• Your assignment: Word for word, restate the entries below and exclude every image.
Extracted records below:
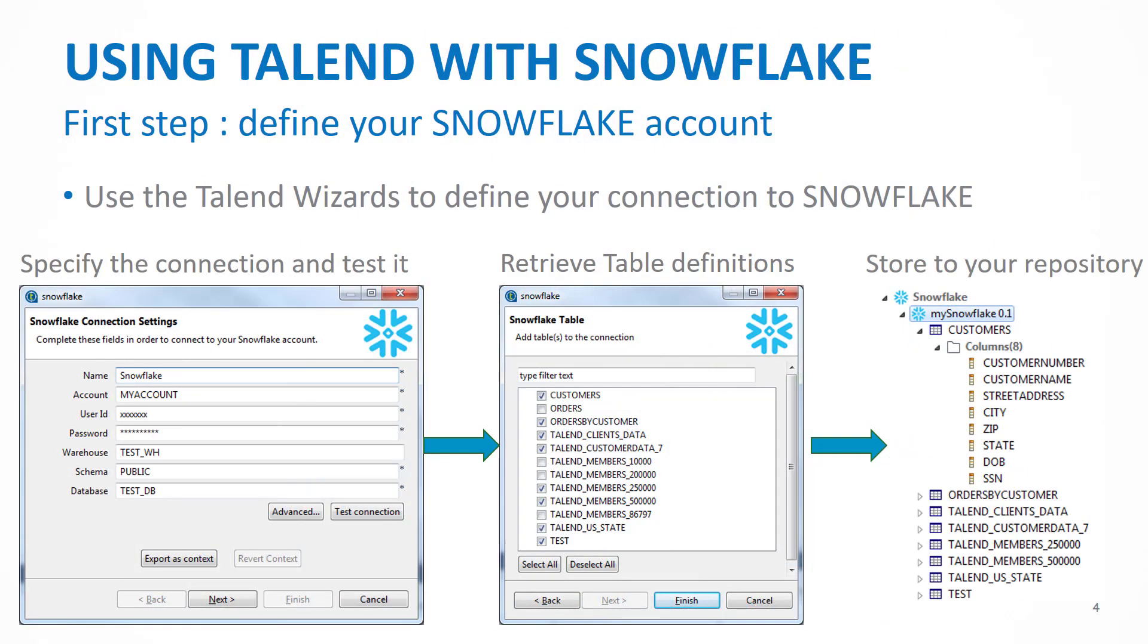So the first step with using Talend with Snowflake is to define your Snowflake account. Very easy to do within Talend. You use the Talend wizards to define your connection to Snowflake. Simply connect with your information that you see on the left-hand side, decide which tables you want to connect directly with Talend, and you'll have that information immediately available within your repository.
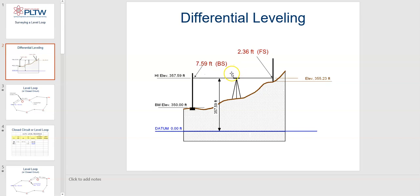When we turn the scope around 180 degrees and we see a foresight reading, you'll notice that we're going uphill, so this number is pretty small in comparison based upon the distance. This image gives a good idea of exactly what we're referencing when we go through the spreadsheet and do the math.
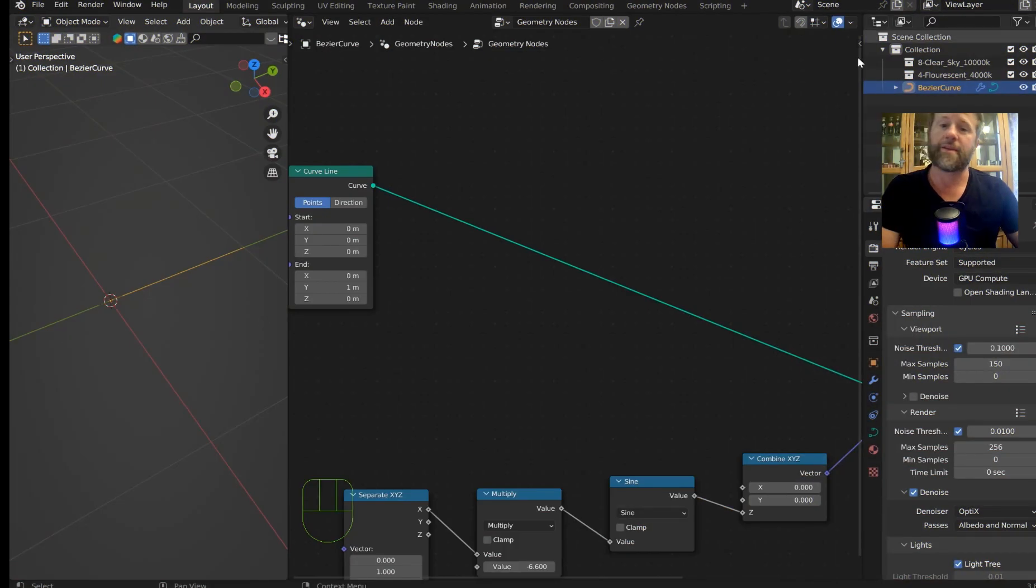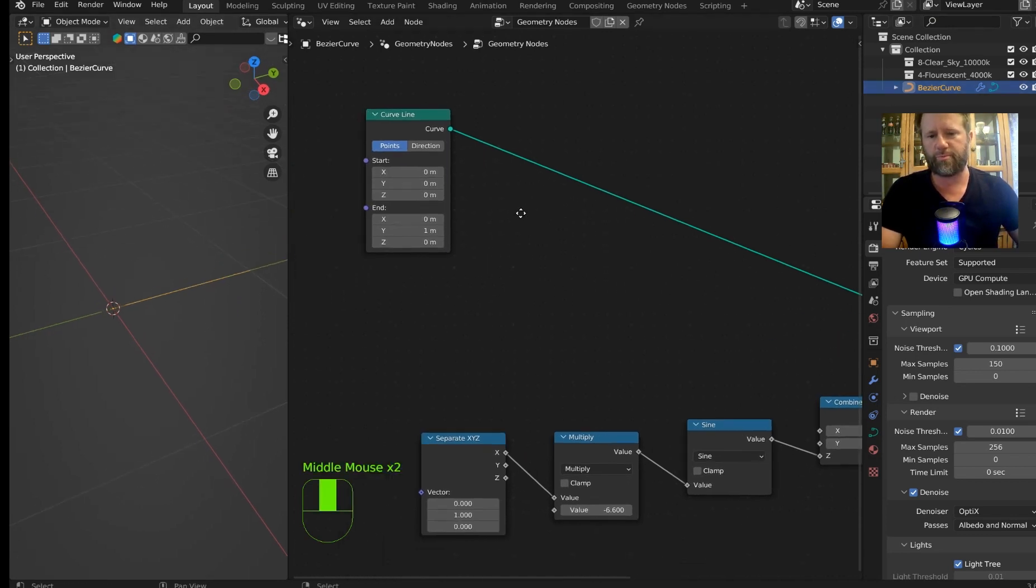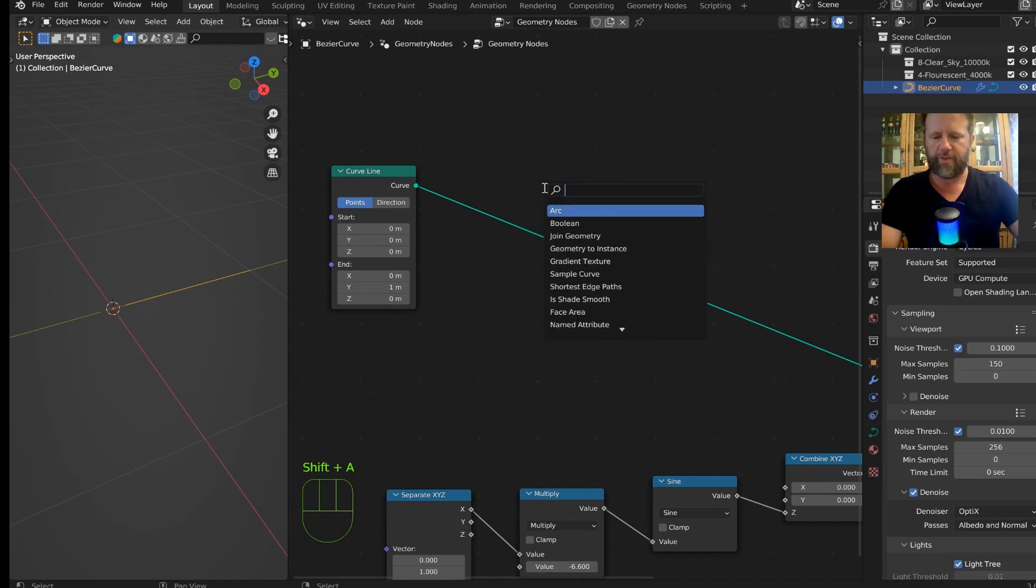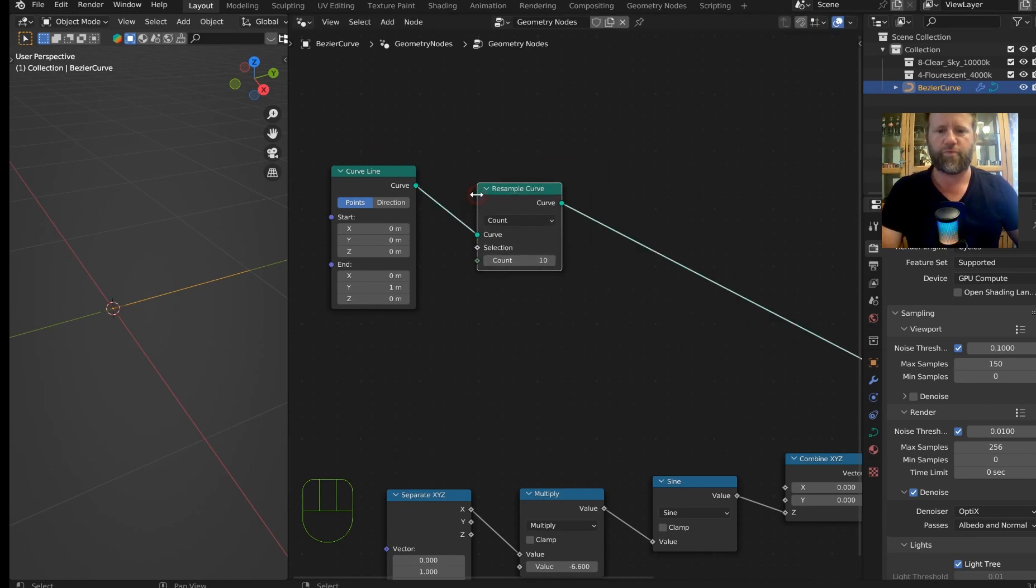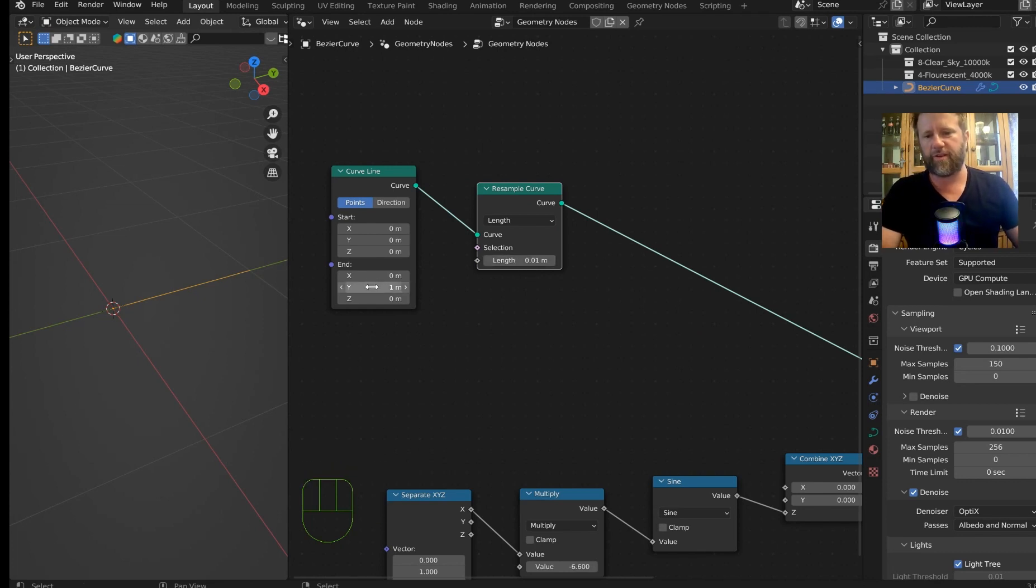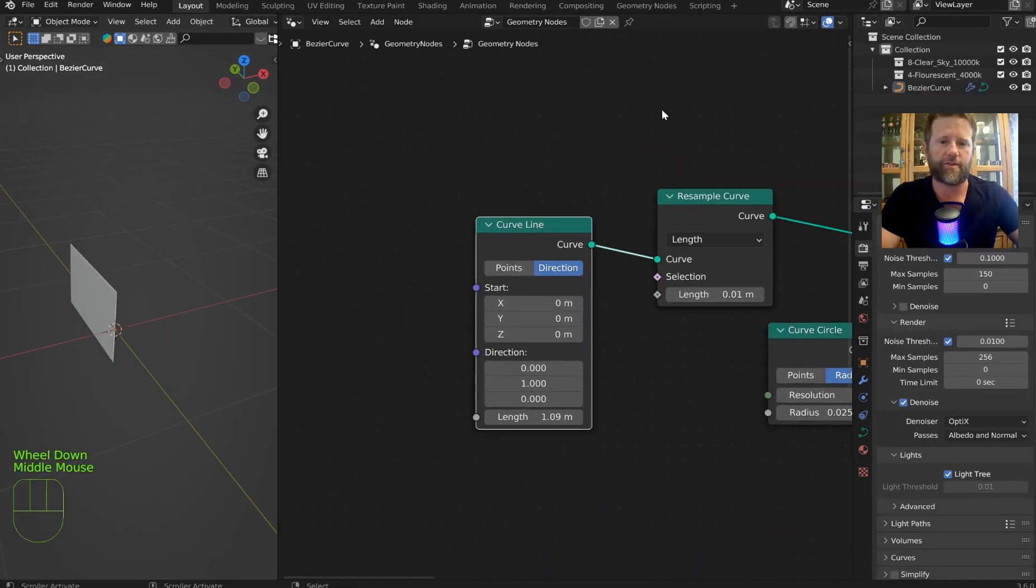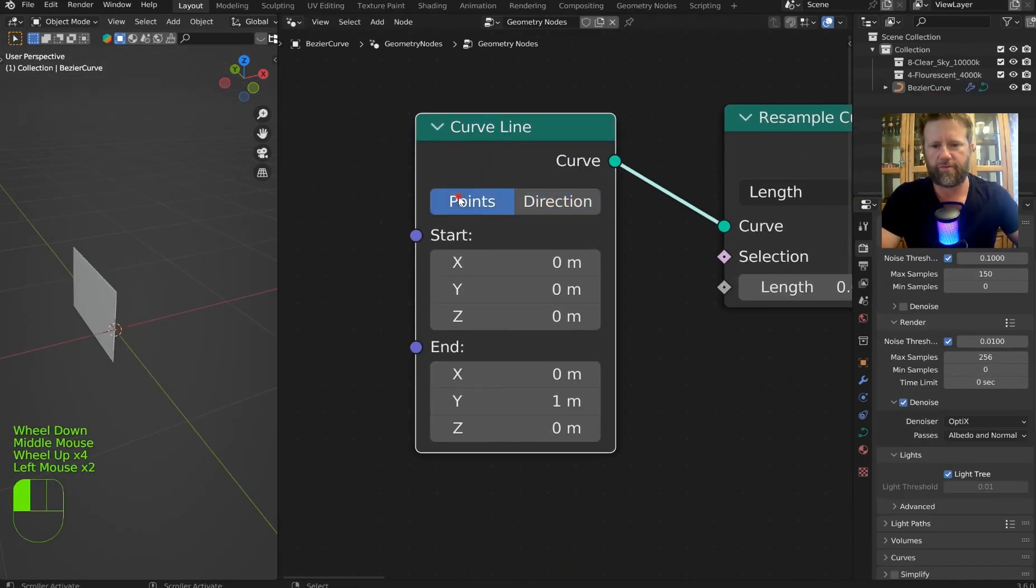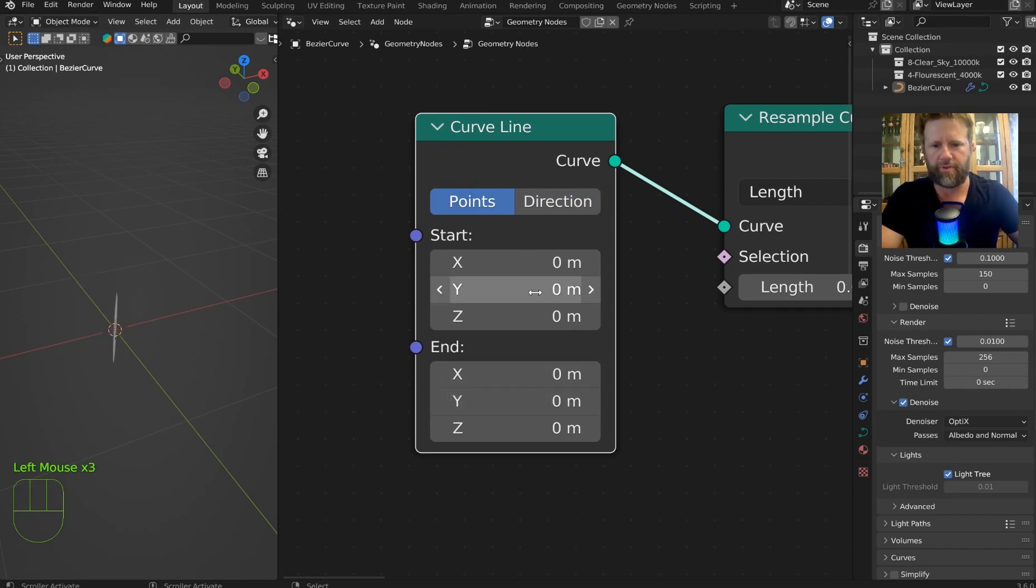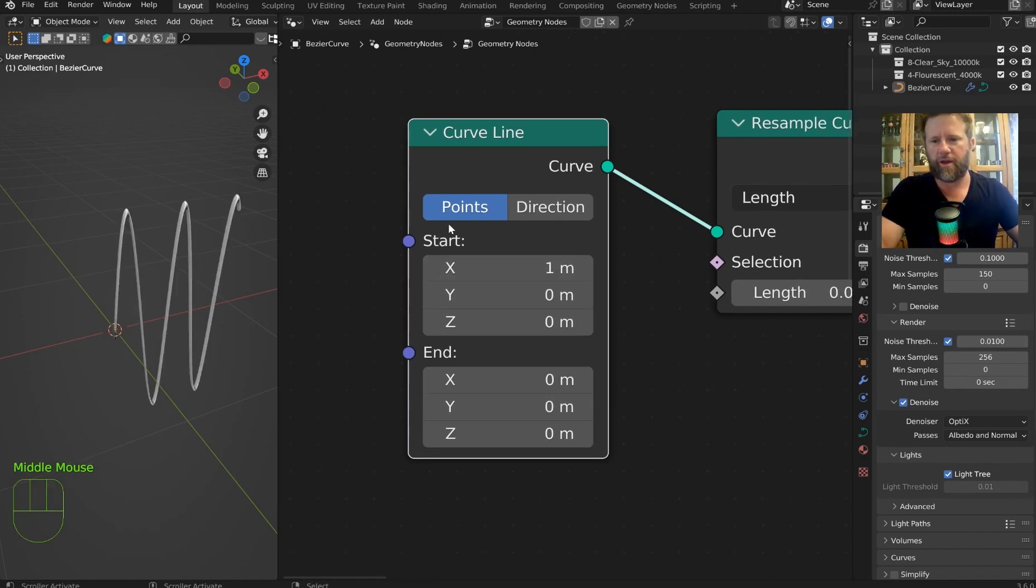Alright, back in Blender. If you can't see this, just highlight it or come over here and select your bezier curve. It is there. You will be able to see it. One thing we can do is shift A, S, and let's type in resample for a resample curve. We can leave this set to length because that's what we're going to want. And 0.01 shall be just fine. Now, I did move the curve line.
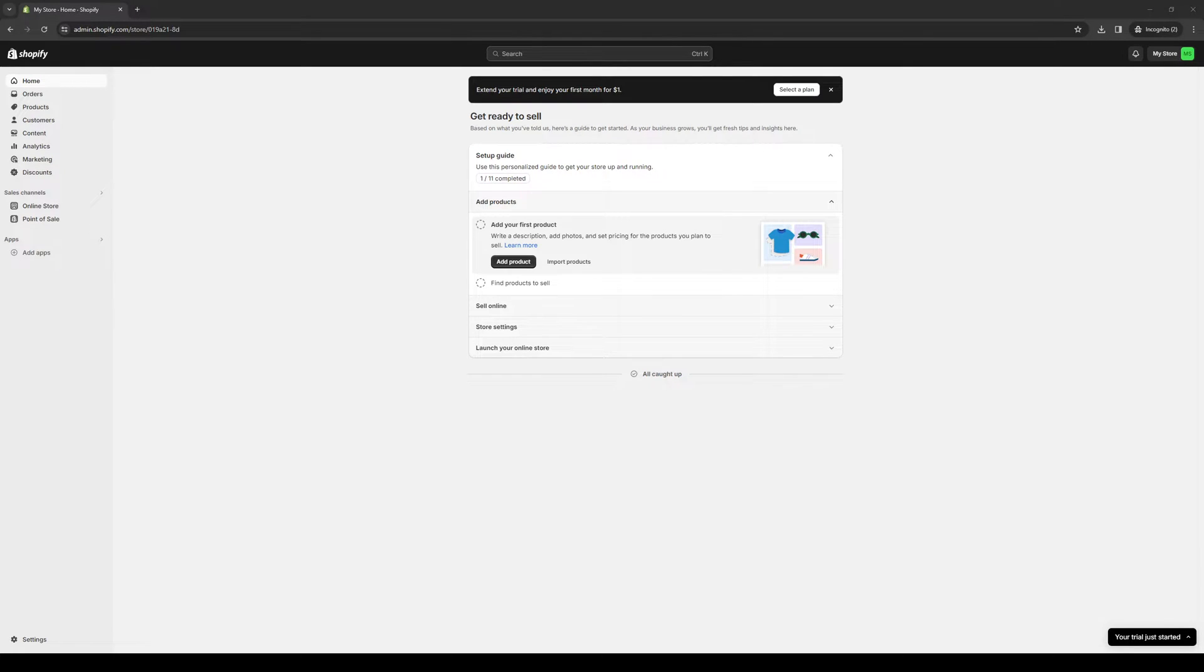Hey everyone and welcome back to the channel. In today's video I'll be teaching you guys how to properly connect your OceanPayment account as a payment gateway or method to your Shopify store. This way, whenever someone makes a purchase from your store, they can use anything supported by OceanPayment to buy the product. So without further ado, let's dive right in.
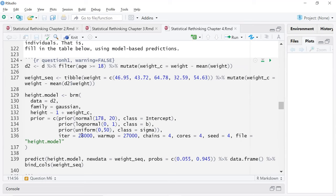This will save as an RDS file to whatever directory you specify, which is nice — if you estimate it and want to knit a document, you can just read in the RDS file instead of waiting minutes while it computes. The arguments are: data D2, family Gaussian, height ~ 1 + weight_c. Then we have our priors — notice we don't put A and B here but specify them: a log normal for beta and a uniform for sigma. The syntax isn't super intuitive, but it worked.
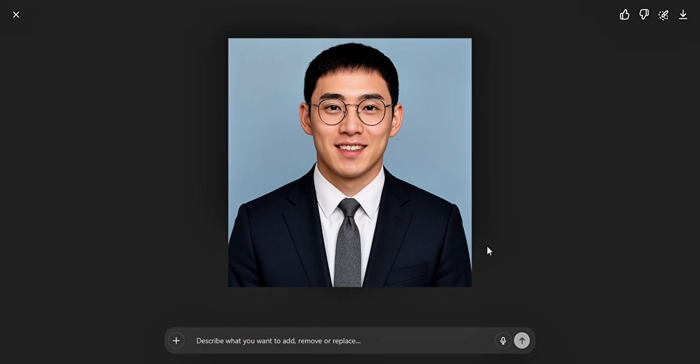Alright, so now you know how to create a professional LinkedIn profile picture like this. Watch this playlist to get more.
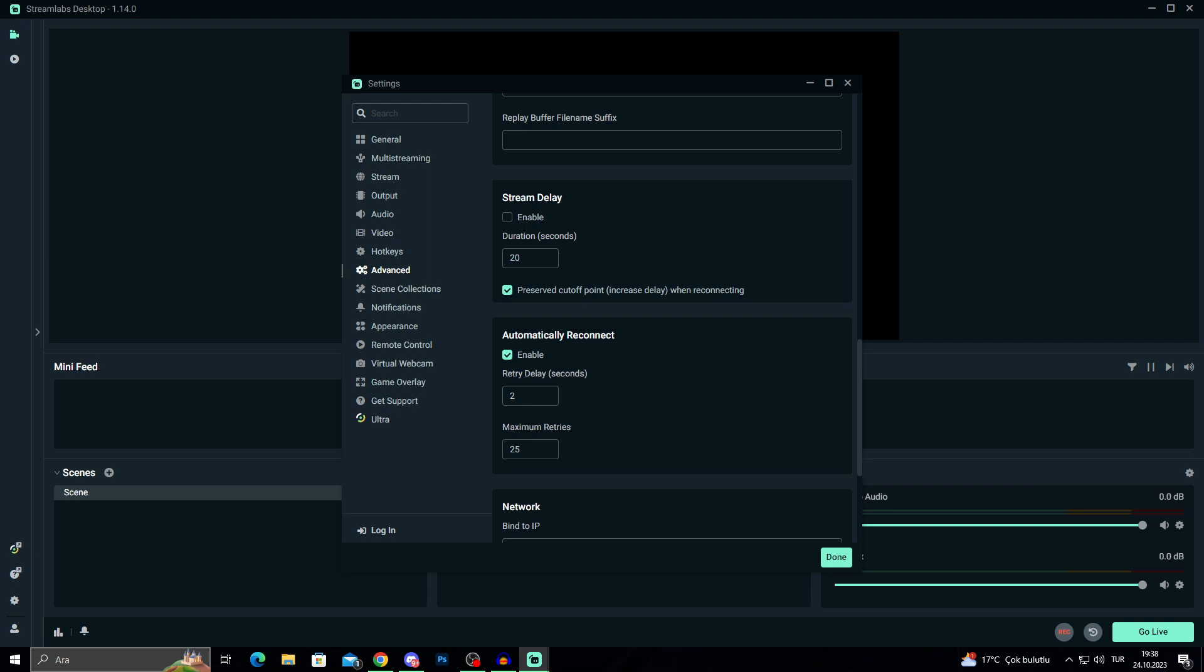This is important. I will enable this, but after enabling this, I will set the duration to zero, so basically no delay at all.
End of Extracted records.
• Solution to this problem:
So the first step with using Talend with Snowflake is to define your Snowflake account. Very easy to do within Talend. You use the Talend wizards to define your connection to Snowflake. Simply connect with your information that you see on the left-hand side, decide which tables you want to connect directly with Talend, and you'll have that information immediately available within your repository.
When we turn the scope around 180 degrees and we see a foresight reading, you'll notice that we're going uphill, so this number is pretty small in comparison based upon the distance. This image gives a good idea of exactly what we're referencing when we go through the spreadsheet and do the math.
Alright, back in Blender. If you can't see this, just highlight it or come over here and select your bezier curve. It is there. You will be able to see it. One thing we can do is shift A, S, and let's type in resample for a resample curve. We can leave this set to length because that's what we're going to want. And 0.01 shall be just fine. Now, I did move the curve line.
Hey everyone and welcome back to the channel. In today's video I'll be teaching you guys how to properly connect your OceanPayment account as a payment gateway or method to your Shopify store. This way, whenever someone makes a purchase from your store, they can use anything supported by OceanPayment to buy the product. So without further ado, let's dive right in.
This will save as an RDS file to whatever directory you specify, which is nice — if you estimate it and want to knit a document, you can just read in the RDS file instead of waiting minutes while it computes. The arguments are: data D2, family Gaussian, height ~ 1 + weight_c. Then we have our priors — notice we don't put A and B here but specify them: a log normal for beta and a uniform for sigma. The syntax isn't super intuitive, but it worked.
Alright, so now you know how to create a professional LinkedIn profile picture like this. Watch this playlist to get more.
This is important. I will enable this, but after enabling this, I will set the duration to zero, so basically no delay at all.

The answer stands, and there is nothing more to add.